Young innovators from Alexandra are off to France to attend the Toulouse Space Show later this month.
Dunstan High School pupils Andre Schaap (16), Ruby Shaw (15), Jake O’Malley (16), Justin Tudor (16) and Damien Miller (16), were told about the trip during a surprise announcement at their assembly on Friday.
The five pupils were the only high school team to take part in the ActInSpace New Zealand hackathon, a 24-hour competition that challenged people to design the next space technology.
Jake said their idea was “basically augmented reality with street art – a good comparison would be something like Pokemon Go,” he said.
Ruby said they began working on one idea before abandoning it.
“We spent about four hours on one idea and then we realised there was nothing to it, it wasn’t going to work at all.
“And so we all sat and thought for about half an hour and then Jake came up with this brilliant idea and we all kind of thought ‘this is it, this is what we are going to do’, and we all worked on it from there.”
It was “unreal” and “incredible” when they heard they were going to France, Damien said.
“We got into assembly and we saw these people we didn’t recognise and we thought ‘there’s something happening, something is up’.”
The team were keen to show that New Zealand was “more than rugby”, Jake said.
“In New Zealand, if you can hold a rugby ball in your hand you are a national hero, whereas I think there is that intellectual side to New Zealand that is not really seen as much as it could be.”
As “the only one who takes French” it will be up to Damien to help translate while they are overseas, he said.
“No-one else speaks French so that could be interesting.”
ActInSpace NZ event director Kelsi Doscher said the pupils were the youngest team participating, “by far”. Other teams were of university age.
They came in a close second with their idea, but the judges were so impressed they made a special decision to send the team to France, she said.
The Toulouse Space Show was a forum which had more than 3000 people from space organisations around the globe, she said.

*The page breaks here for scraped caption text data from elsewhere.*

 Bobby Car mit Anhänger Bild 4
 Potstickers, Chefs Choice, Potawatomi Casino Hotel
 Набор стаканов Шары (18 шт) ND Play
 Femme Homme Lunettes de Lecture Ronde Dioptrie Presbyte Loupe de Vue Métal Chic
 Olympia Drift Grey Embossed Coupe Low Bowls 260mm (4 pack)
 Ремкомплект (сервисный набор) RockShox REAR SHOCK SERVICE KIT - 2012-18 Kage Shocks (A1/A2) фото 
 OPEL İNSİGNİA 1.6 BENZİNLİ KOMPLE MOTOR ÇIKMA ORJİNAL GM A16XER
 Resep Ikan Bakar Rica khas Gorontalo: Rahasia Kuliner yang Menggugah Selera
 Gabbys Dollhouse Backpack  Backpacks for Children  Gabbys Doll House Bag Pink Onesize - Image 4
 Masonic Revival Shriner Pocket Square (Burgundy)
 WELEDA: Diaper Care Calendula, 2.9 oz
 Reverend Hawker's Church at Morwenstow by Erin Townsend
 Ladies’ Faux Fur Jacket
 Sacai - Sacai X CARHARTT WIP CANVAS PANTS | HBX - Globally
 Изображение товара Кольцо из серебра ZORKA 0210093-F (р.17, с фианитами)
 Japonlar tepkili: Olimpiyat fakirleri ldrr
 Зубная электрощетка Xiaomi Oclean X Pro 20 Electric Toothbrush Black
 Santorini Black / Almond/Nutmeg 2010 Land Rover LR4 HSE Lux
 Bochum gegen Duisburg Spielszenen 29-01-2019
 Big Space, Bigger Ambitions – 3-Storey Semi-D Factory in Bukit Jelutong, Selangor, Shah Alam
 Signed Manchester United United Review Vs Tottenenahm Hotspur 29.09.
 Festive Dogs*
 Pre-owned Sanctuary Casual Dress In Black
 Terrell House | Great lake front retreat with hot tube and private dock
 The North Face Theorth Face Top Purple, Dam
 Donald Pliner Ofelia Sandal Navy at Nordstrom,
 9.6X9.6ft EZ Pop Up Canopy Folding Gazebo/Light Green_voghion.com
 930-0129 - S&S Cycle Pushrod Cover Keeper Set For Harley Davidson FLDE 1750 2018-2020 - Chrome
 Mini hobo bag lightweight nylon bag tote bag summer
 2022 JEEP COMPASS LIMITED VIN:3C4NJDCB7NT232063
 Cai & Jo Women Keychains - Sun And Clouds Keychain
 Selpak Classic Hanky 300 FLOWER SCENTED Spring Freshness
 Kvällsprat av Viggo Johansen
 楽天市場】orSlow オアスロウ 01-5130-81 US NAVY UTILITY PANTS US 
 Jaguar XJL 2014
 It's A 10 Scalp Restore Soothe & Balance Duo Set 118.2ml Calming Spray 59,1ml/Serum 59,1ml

“They won’t compete in the final but will be able to pitch their idea in front of an international audience of start-up investors and key space industry players and learn from the experience,” she said.
The cost of the trip was covered by The New Zealand Space Agency.
General Manager Science, Innovation and International at the Ministry of Business, Innovation and Employment and lead for the New Zealand Space Agency, Dr Peter Crabtree, said they supported events like ActInSpace because they wanted to build a domestic space industry ecosystem.
“How we foster our young talent in space sciences and space engineering will play an important role in developing that ecosystem,” he said.
ActInSpace New Zealand was organised by the Centre for Space Science Technology (CSST) in partnership with New Zealand Space Agency and ChristchurchNZ and support from the French Embassy in New Zealand.